In Mr Evans’ words: My 48-year-old memory
I visited Meghalaya in March and April 1970 in my gap year, nineteen years old and straight from a farm in the West of England. Arriving in Gauhati by train from Delhi, I remember the bus straining up the road to Shillong as the scenery and vegetation changed before my eyes.
I was part of the travelling cast of a musical revue from Europe called “Anything to Declare”, an initiative of Moral Re-Armament (or Initiatives of Change as it is now known). There were 70 of us, young Europeans who wanted to say that our continent had something of value for the world. We imagined ourselves reaching the boundary of Europe, and being asked at the customs barrier, “Do you have anything to declare as you enter the rest of the world?” The revue was our answer.
To our great surprise and delight we were invited to Assam and Meghalaya by a stellar group of leaders, as per the letter of invitation below.

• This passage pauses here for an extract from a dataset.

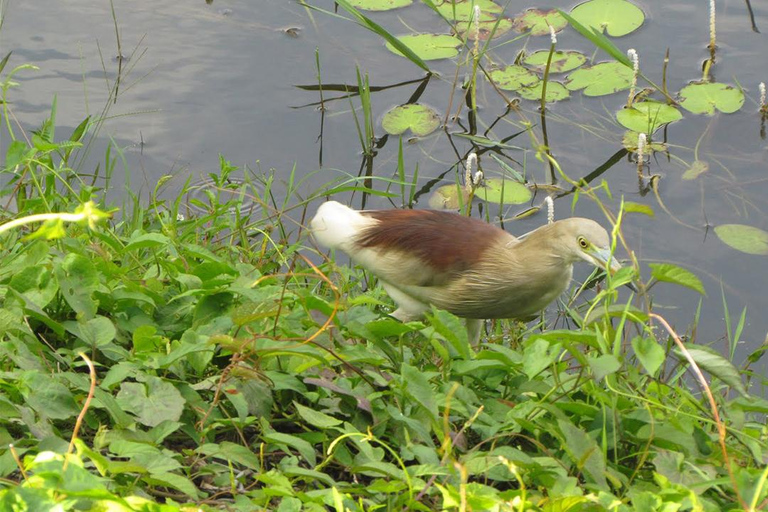 Birdwatching Walk in Thalangama Wetland from Colombo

Few of them had seen our show, but they knew the value of the work being done in the region by Moral Re-Armament.
We arrived in Shillong, and were offered accommodation in homes and guest houses all over the city. I stayed at the Sericulture Silk Farm. I wonder if it is still there….? And we put on our show for the public of Shillong, meeting many of them after the curtain fell each night.

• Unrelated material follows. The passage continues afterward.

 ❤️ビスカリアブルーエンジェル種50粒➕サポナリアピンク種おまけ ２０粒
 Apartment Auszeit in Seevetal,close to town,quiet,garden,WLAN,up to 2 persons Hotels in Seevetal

I think we received far more than we were able to give. Not only did we have the privilege to witness the inauguration of Meghalaya as a semi-independent state, as part of a huge crowd addressed by Mrs Indira Gandhi; we also learned direct from key actors some of the background to how the agreement to form the new state came about.
In particular, Stanley Nichols-Roy (who became Minister for Industry in the new cabinet), and his wife, Helen, were most generous in giving us their time. They told us very candidly how Stanley had decided to mend some fences with Helen, and that, encouraged by this experience, he had reached out to a political adversary, B P Chalihah, Chief Minister of Assam. Of course he could not tell us what they talked about, but he did say that in conversation he had apologised to Chalihah, not for his political stance but for his personal antagonism, and that trust had started to grow between them where there had been none before.
The causes of such a settlement, when violence had been widely expected, were no doubt many and complex. But everyone, including Mrs Gandhi was talking about the unusual level of trust that characterised the negotiations.
We felt we had not only witnessed one of the unequivocally good news stories of 1970, but that we had been given a privileged insight into how it had come about. It made a great impression on many of us, and in my case has affected everything I have tried to do since.
It may be mentioned that Meghalaya Chief Minister, Conrad K Sangma recently met Mr Evans during his visit to Switzerland to attend the Caux Forum.